The members of Central Intelligence can't afford to live in the CD; they and others in their situation have to move south because they'd "rather pack up than be financially strapped." The mood of "Aim for the Sky" is one of hopelessness, a sense that, no matter what, blacks will always be on the losing end. First, blacks were confined to the CD, then, in the 1980s, neoliberal policies and deindustrialization brought the neighborhood they were forced to live in to an economic standstill, and now that the CD is being revived and redeveloped, blacks are being forced out by escalating property values—"I know you want me out of the hood/so you can change the shit, like Pleasantville/making it hard for me to make my scrill/it's a cold feel..."
It's fitting for rappers to document the end of the hood because hiphop is the music of the hood. The South Bronx, Compton, North Minneapolis, South Chicago, and the Central District are black neighborhoods that birthed not only the crack addict but also the rapper. But the fate of the crack addict, who is stuck on the street corners of the vanishing hood, is not the fate of hiphop, which has left the hood and become a billion-dollar market, globally connected, completely respected.
Near South King Street and 18th Avenue South, there used to be an apartment building that housed working-class black Americans. I lived next to this building, and besides the occasional drunken fight or domestic dispute, it was a stable environment. In the morning, the building's parking lot would empty out, its inhabitants driving to this or that job; and on the weekends one occupant would relax by playing loud R&B and the street was alive with area kids on scooters and bikes. This building is no more, and in its place yet another townhouse rises and will most likely be occupied by white Americans.

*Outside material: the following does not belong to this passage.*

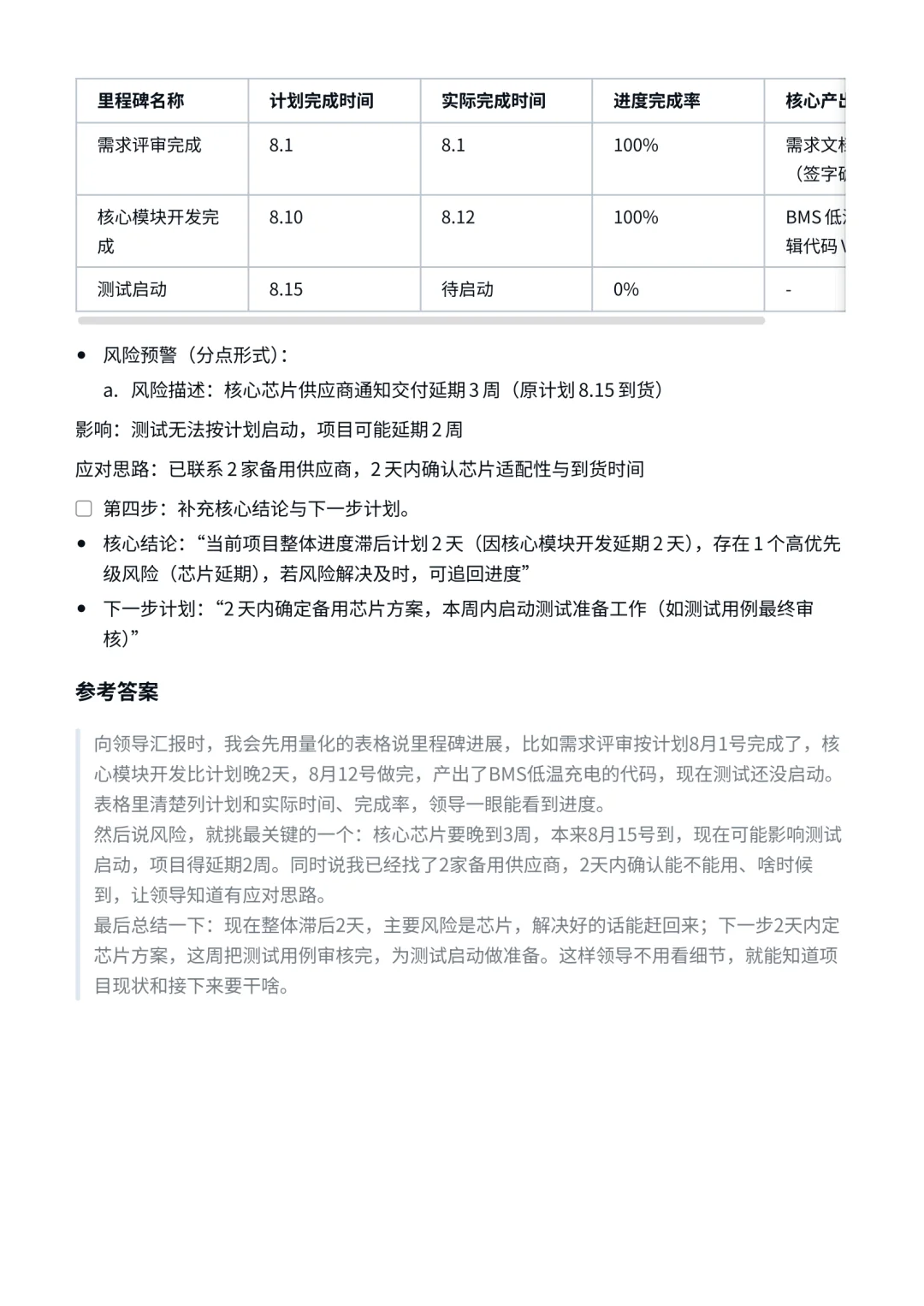 蔚来｜技术项目管理岗面试✅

Ten blocks from this construction site, I come across another addict. He is carrying a bag. It is sunny and the sweet smell of honeysuckle sticks in the air. A white man with a pair of slick greyhounds leaves his home and goes for his morning constitutional. The addict is short, his skin has turned to rubber, and his body is Third World thin. I ask the addict how long he has been on crack.
"Since it got here."
"Got here, the CD."
"Have you noticed the CD is changing?" In the distance, we hear banging from a construction site on Yesler Way.
"Yeah, it's changing. All of the black folks are leaving us here. They want nothing to do with us. Crack destroys everything. Destroys your family, your friends. It is evil. Only God can save you from crack. You need to turn to God. There is no other way. I have seen so many friends get killed, get thrown into jail, lose everything because of crack. My whole life is spent in and out of jail. I have nothing else."
The addict sways like bamboo as he talks. His eyes are heavy from a lack of sleep. All of a sudden a shiver seizes his thin frame. It's very likely that the former synagogues will still be around when the black worshippers have long moved to South Seattle, and the torii will continue to adorn enclosed gardens, but crack heads have been living on borrowed time for almost two decades and it should only take a few more years before they are dead and forgotten.
"Do you plan to move out of the CD? To move south?"
"No," the crack addict tells me. "This is where I have lived for 53 years. It's home."